Exact reproduction is required for the lines below starting at the line with "bathroom featuring toilet and vanity" and ending at the line with "Quilt featuring blue", both included. No other lines, and no pictures.

[Records contained in a dataset]
□ □ □

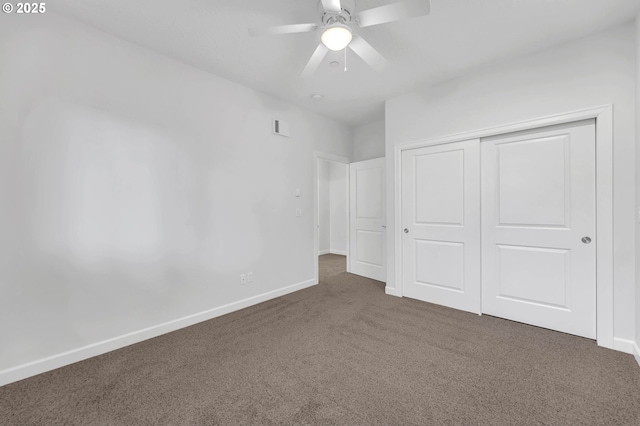 unfurnished bedroom featuring dark carpet, a closet, and ceiling fan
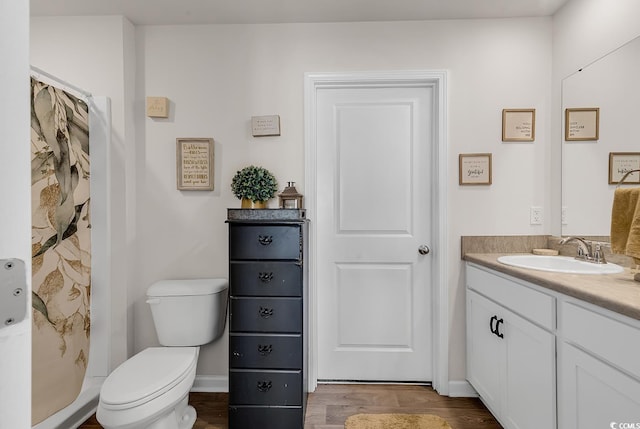 bathroom with hardwood / wood-style flooring, vanity, a shower with curtain, and toilet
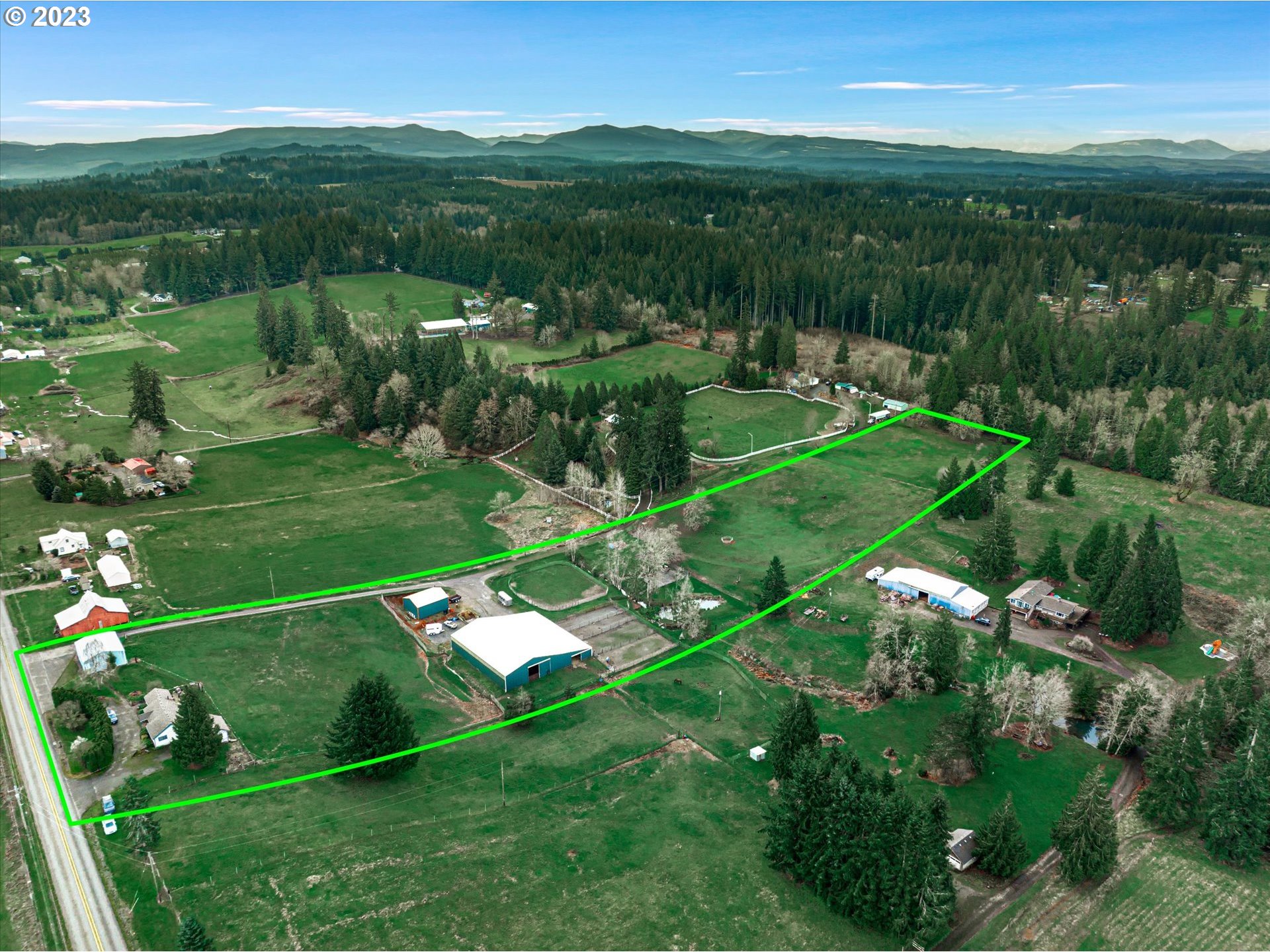 39400 Southeast Trubel Road Sandy, OR 97055 - Photo 2 of 34 a view of a lush green hillside and houses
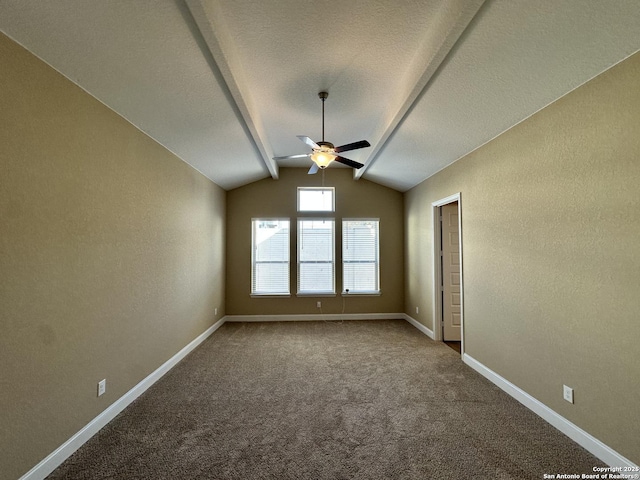 empty room featuring carpet, ceiling fan, lofted ceiling, and baseboards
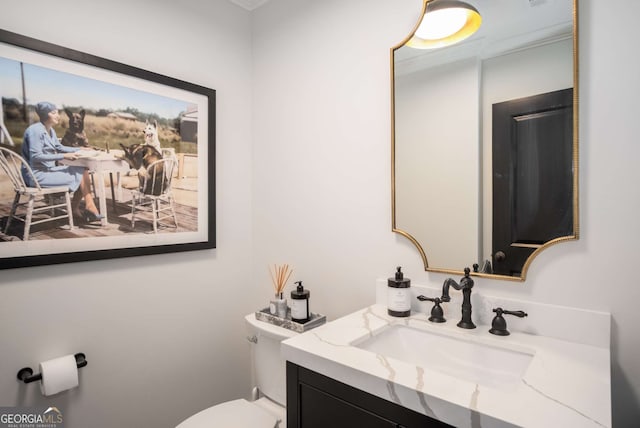 bathroom featuring toilet and vanity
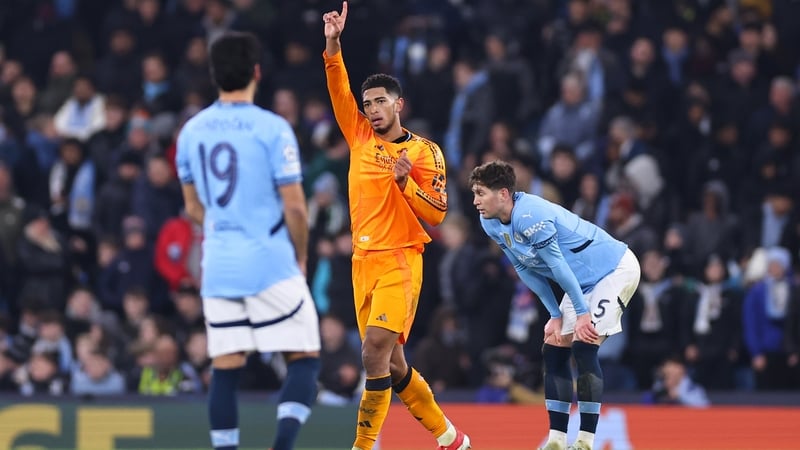Real Madrid's Jude Bellingham reacts after claiming the fifth and decisive goal of the game at the Etihad Stadium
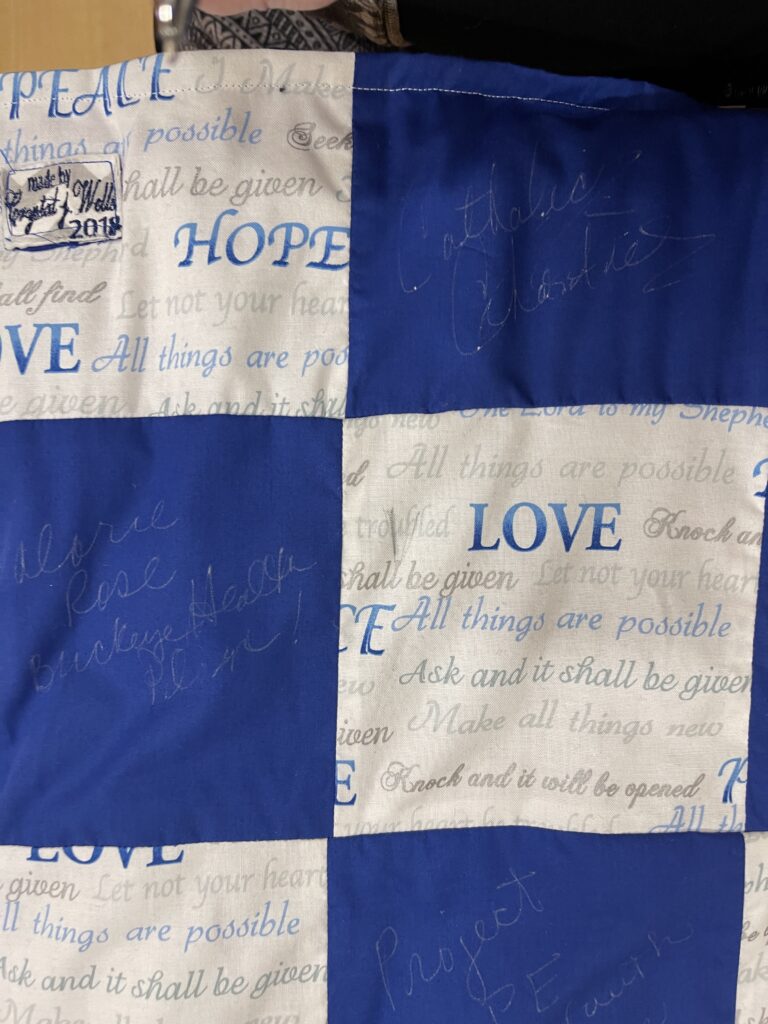 Quilt featuring blue and white squares from the Tri-County Patchworking Event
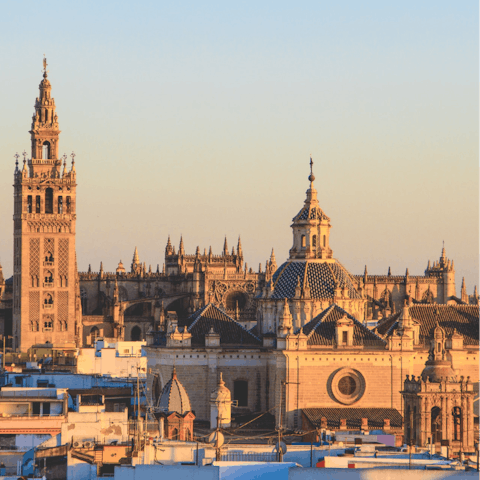 Visit Seville Cathedral and see its iconic bell tower, a five-minutes walk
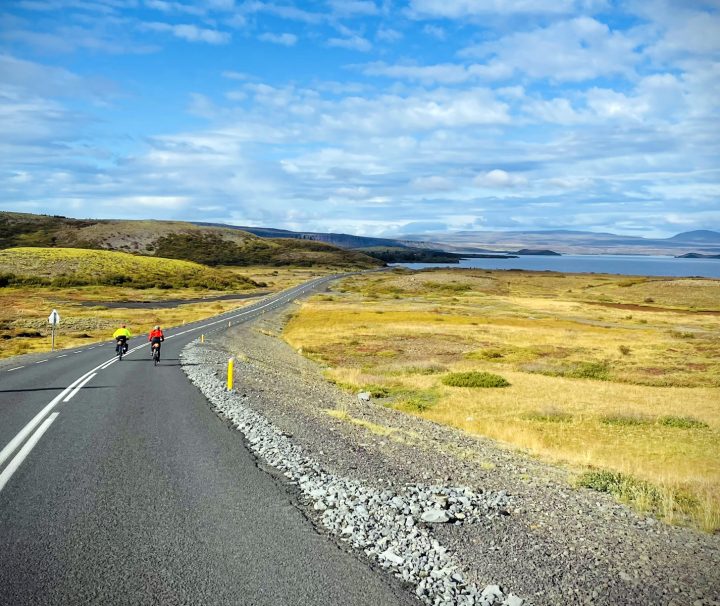 2 cyclists riding along a deserted coastal road were the scenery is always superb and unobstructed by forests on our Iceland South Bike Tour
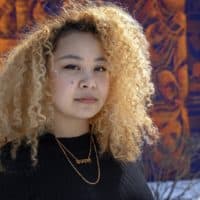 Artist Sneha Shrestha, at her mural "For Cambridge With Love From Nepal" in Cambridge. (Robin Lubbock/WBUR)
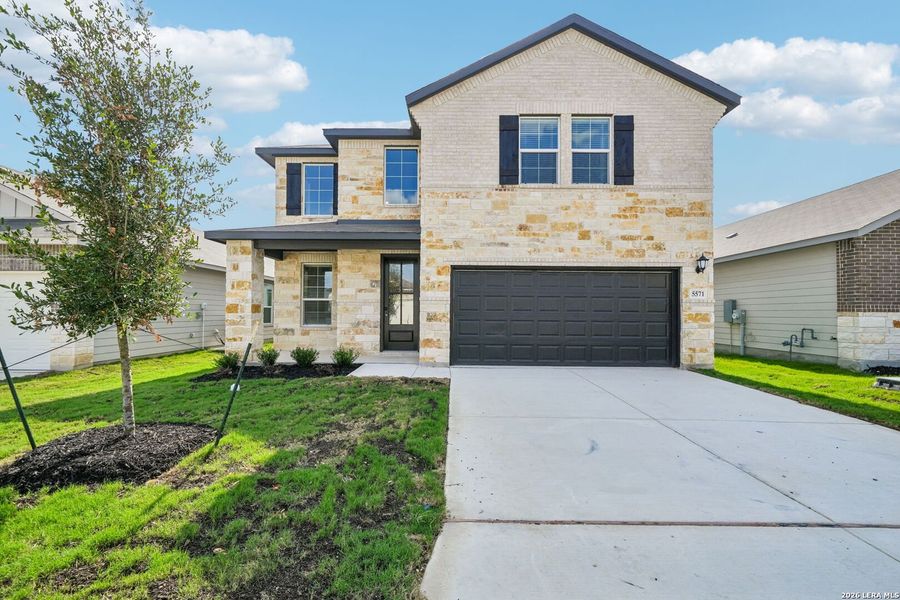 Front exterior of a new home in Thomas Pond, San Antonio, TX, highlighting curb appeal (Image 24). Front exterior of a new home in Thomas Pond, San Antonio, TX, highlighting curb appeal (Image 24).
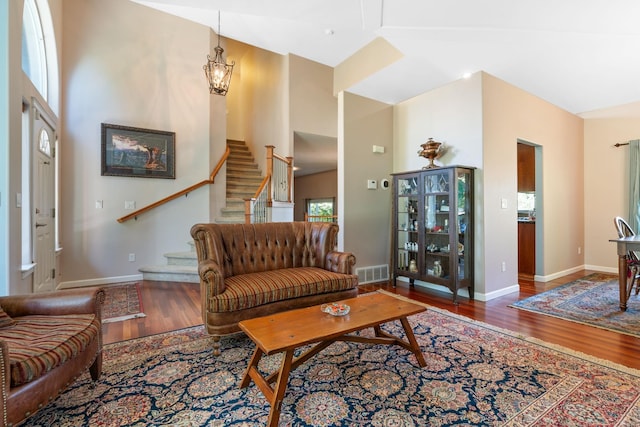 9617 N Northview Ln, Spokane, WA 99208 - living room with wood finished floors, stairway, a towering ceiling, and a chandelier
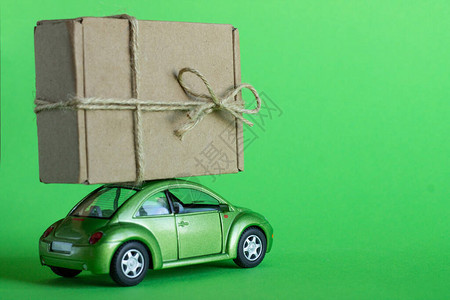 绿色玩具车在柔和的绿色背景上用工艺纸板箱运送包裹交付货物礼图片
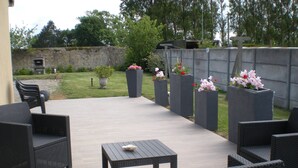 An outdoor patio with wicker furniture, a table, and flower planters. - Gite Grandcamp Maisy. (Grandcamp-Maisy)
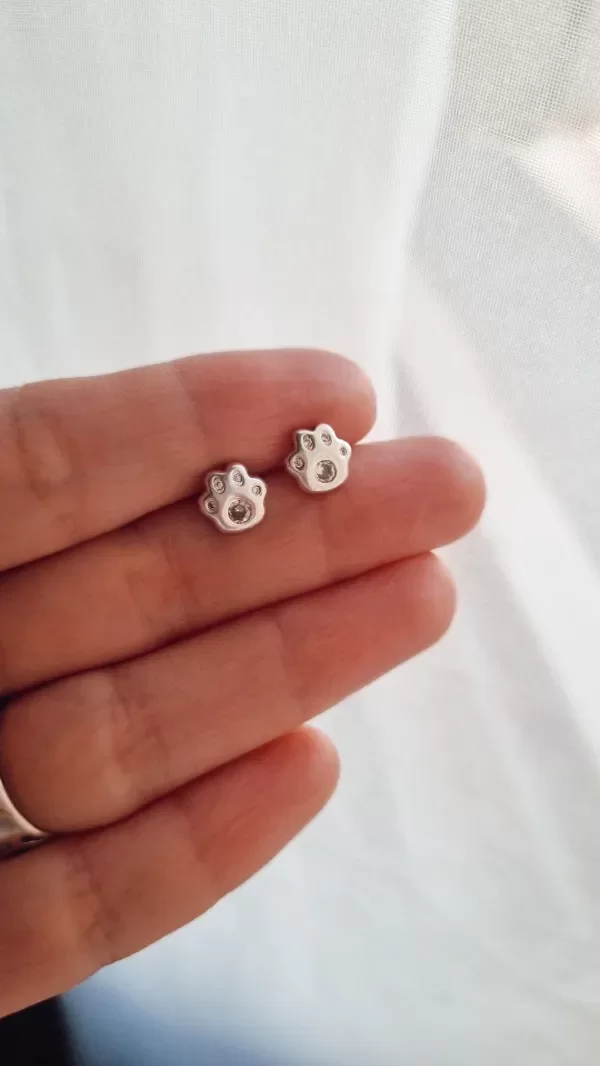 Producto - Aros pasantes huellitas strass blanco plata 925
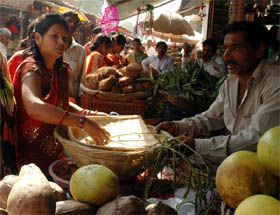 Devotees make purchases for Chhat Puja at Sadar Bazar in Gurgaon on Friday.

□ □ □

RESPONSE TO THE EXERCISE |
 bathroom featuring toilet and vanity
Real Madrid's Jude Bellingham reacts after claiming the fifth and decisive goal of the game at the Etihad Stadium
 Quilt featuring blue and white squares from the Tri-County Patchworking Event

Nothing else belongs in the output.